Google's AlphaGo team has been working on chess

syzygy · Post by **syzygy** » Tue Dec 12, 2017 12:55 am

syzygy wrote:It is MCTS without MC...

I'm not the first to complain about the naming:
http://talkchess.com/forum/viewtopic.ph ... 672#453672

CheckersGuy · Post by **CheckersGuy** » Tue Dec 12, 2017 12:58 am

syzygy wrote:
syzygy wrote:It is MCTS without MC...
I'm not the first to complain about the naming:
http://talkchess.com/forum/viewtopic.ph ... 672#453672

True. But for the lack of a better term I still say mcts ( most of the time). It should be quite clear for anyone that had a look at the alphaGoZero/AlphaZero papers that this is basically mcts without mc.
Maybe we should call it alphaZero-Tree-Search

Luis Babboni · Post by **Luis Babboni** » Tue Dec 12, 2017 2:53 am

Sorry if someone talk about it before, I tried to read all Alpha Zero´s comments but I´m not sure if I could.

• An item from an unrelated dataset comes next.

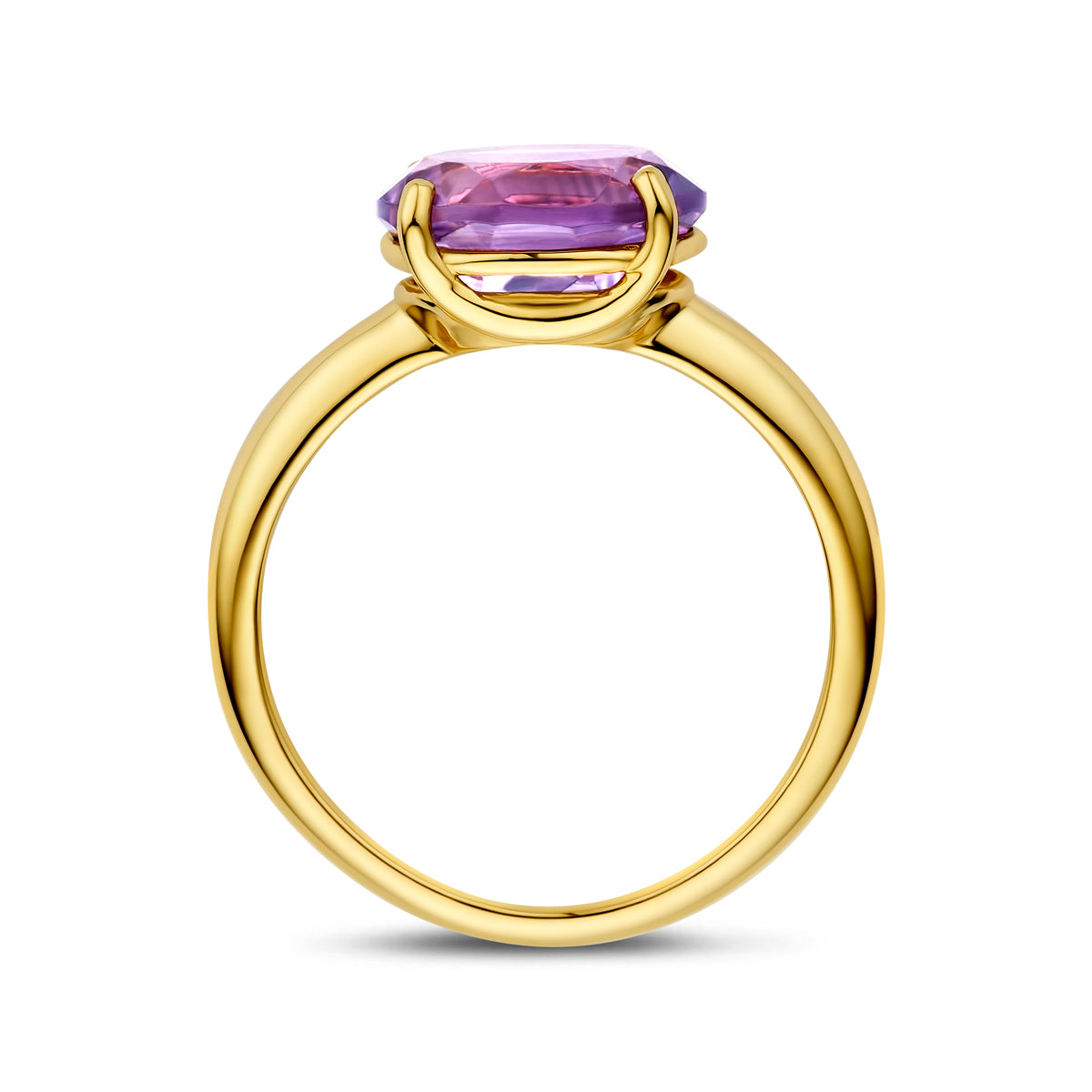 Ring amethist 14K geelgoud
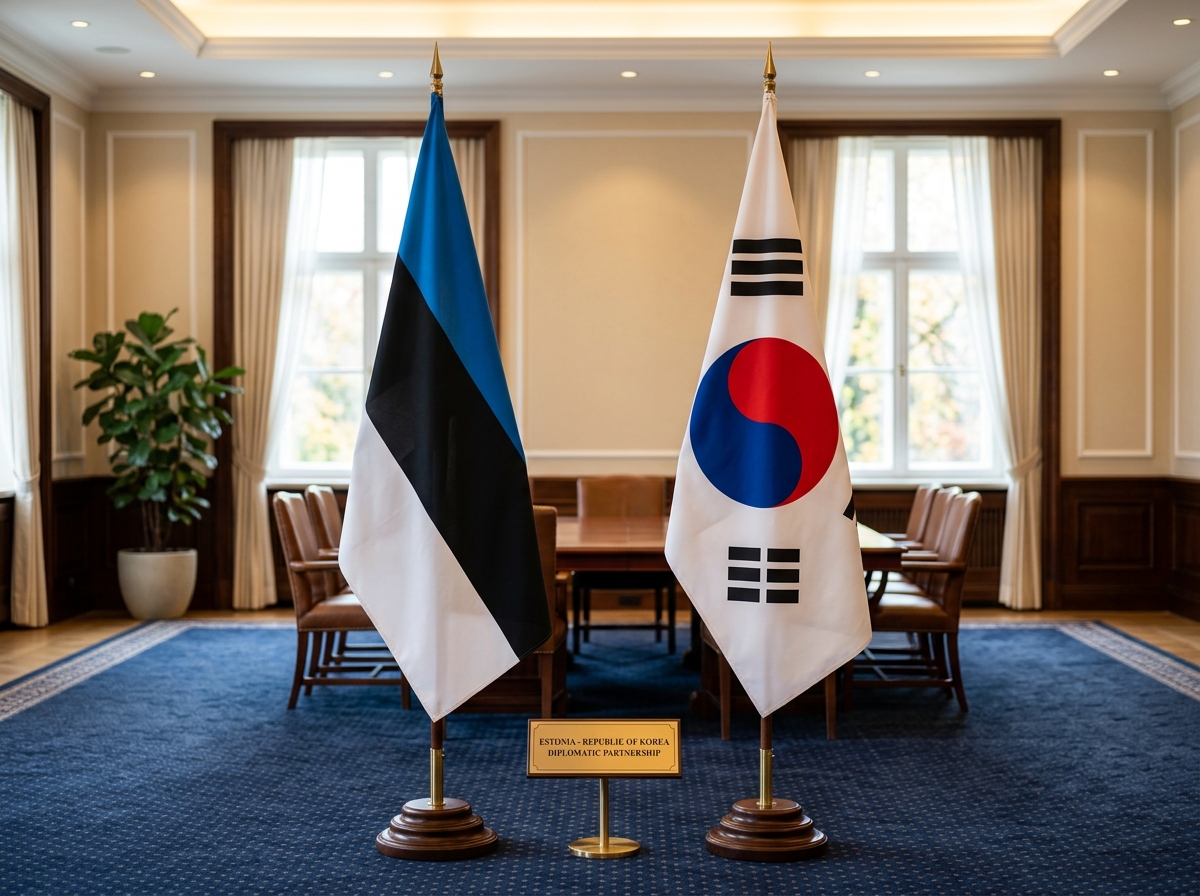 Estonian and Korean flags side by side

I understand that from 100 games, Alpha zero won 25/50 with whites and 3/50 with blacks. None losses with any colour.

Could be possible that, learning playing only itself, A0 concluded that going for tie is the logical goal having blacks?
I mean, that did not won more with blacks cause did not tried it.

hgm · Post by **hgm** » Tue Dec 12, 2017 9:58 am

CheckersGuy wrote:It would obviously be nice to deduce what the neural network has actually learned but how would you go about that ?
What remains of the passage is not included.